La décision de la BCE, bien que largement anticipée depuis la précédente réunion du Conseil des gouverneurs (voir notre actualité du 12 mai dernier), est historique pour au moins trois raisons :
-
D’une part, parce qu’en plus d’une baisse du taux de refinancement, la BCE a également décidé de baisser d’autres taux emblématiques, notamment le taux de rémunération des dépôts que les banques commerciales peuvent effectuer sur leur comptes à la BCE qui est désormais fixé à -0,1 % (il avait été abaissé à 0 % en novembre dernier). Ceci signifie que les dépôts effectués par les banques à la BCE seront amputés à raison de 0,1 % en rythme annuel. Une telle décision, très exceptionnelle, est motivée par la volonté d’inciter les banques européennes à distribuer des crédits aux entreprises non financières plutôt qu’à conserver leurs avoirs à la BCE.

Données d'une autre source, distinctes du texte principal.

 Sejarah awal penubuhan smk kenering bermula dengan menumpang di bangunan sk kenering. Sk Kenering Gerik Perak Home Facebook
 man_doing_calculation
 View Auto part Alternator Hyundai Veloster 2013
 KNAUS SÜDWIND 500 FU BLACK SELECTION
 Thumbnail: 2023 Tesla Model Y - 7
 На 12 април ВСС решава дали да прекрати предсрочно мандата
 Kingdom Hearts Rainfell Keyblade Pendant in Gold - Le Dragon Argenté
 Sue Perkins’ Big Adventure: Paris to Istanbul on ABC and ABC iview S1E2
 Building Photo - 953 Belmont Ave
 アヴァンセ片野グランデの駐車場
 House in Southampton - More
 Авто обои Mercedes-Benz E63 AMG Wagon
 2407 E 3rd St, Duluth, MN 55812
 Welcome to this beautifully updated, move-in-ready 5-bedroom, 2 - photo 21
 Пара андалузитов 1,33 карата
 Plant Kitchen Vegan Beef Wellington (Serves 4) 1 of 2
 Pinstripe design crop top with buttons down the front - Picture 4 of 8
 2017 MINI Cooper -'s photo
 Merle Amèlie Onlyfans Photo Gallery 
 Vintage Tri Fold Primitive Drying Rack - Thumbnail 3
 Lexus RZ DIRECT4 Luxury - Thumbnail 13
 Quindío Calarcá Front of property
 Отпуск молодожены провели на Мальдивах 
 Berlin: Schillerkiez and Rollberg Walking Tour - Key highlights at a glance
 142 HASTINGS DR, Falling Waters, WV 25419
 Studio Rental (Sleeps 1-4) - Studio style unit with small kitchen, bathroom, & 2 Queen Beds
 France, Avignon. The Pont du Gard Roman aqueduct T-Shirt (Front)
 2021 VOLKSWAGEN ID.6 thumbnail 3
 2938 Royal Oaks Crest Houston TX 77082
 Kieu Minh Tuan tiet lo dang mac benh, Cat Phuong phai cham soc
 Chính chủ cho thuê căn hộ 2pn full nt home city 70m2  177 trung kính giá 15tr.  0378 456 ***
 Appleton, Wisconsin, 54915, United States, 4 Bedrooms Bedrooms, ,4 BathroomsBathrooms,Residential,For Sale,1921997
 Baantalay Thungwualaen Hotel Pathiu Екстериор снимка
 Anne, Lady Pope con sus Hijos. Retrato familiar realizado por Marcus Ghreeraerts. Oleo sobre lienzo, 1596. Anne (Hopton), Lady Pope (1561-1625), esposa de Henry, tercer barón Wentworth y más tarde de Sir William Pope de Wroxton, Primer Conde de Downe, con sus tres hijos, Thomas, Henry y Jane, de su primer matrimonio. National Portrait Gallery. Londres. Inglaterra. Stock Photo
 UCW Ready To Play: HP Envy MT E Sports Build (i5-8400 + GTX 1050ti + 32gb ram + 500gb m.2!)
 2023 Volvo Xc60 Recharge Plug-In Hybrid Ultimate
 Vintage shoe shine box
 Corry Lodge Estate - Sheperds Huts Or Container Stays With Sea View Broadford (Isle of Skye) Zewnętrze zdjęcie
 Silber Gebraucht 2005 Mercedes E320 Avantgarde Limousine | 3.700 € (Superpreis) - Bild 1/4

Ce ne sera pas la première fois qu’une Banque Centrale porte le taux de rémunération des dépôts bancaires en dessous de zéro. La Banque de Suisse l’avait expérimenté dans les années 1970, la Banque de Suède entre 2009 et 2010, et plus récemment la Banque du Danemark, entre juillet 2012 et avril 2014.
-
D’autre part, parce que la BCE a aussi accompagné la baisse de ses taux directeurs par desmesures dites « non conventionnelles » destinées à améliorer l’efficacité des décisions de politique monétaire sur la distribution du crédit par les banques commerciales. Ces dernières ne sont en effet pas tenues d’accorder des crédits aux agents économiques. Or, justement, les statistiques montrent que l’octroi de crédits bancaires en zone euro se contracte régulièrement, ce qui constitue un frein au financement des investissements des entreprises et donc à la croissance. Les nouvelles mesures annoncées par la BCE visent ainsi à faire redémarrer le crédit bancaire aux entreprises via des instruments ciblés, notamment des opérations de refinancement bancaires de long terme ciblées d’un montant élevé (400 milliards d’euros sur quatre ans).
-
Enfin parce que la décision de la BCE a été prise à l’unanimité des membres du Conseil. Ce qui signifie que le président de la Bundesbank, la Banque Centrale allemande, qui jusqu’à présent était plutôt réservé sur la mise en place de mesures non conventionnelles de politique monétaire, a évolué dans son jugement et que désormais la BCE a toute latitude pour conduire une politique très accommodante favorable à la reprise de l’activité et du crédit et à la reprise de l’inflation. A ce titre, Mario Draghi, le Président de la BCE, a fait une annonce très importante. Il a en effet déclaré que, si les mesures prises ne se révélaient finalement pas suffisantes, le Conseil des gouverneurs pourrait décider la mise en place d’un programme d’achat massifs d’actifs sur les marchés financiers, qui pourrait s’apparenter au fameux « assouplissement quantitatif » ou « quantitative easing » mis en place par la Banque d’Angleterre en 2009 et par la Banque Centrale américaine (la FED) fin 2010 et qui a fait la preuve de son efficacité en matière de soutien à l’économie.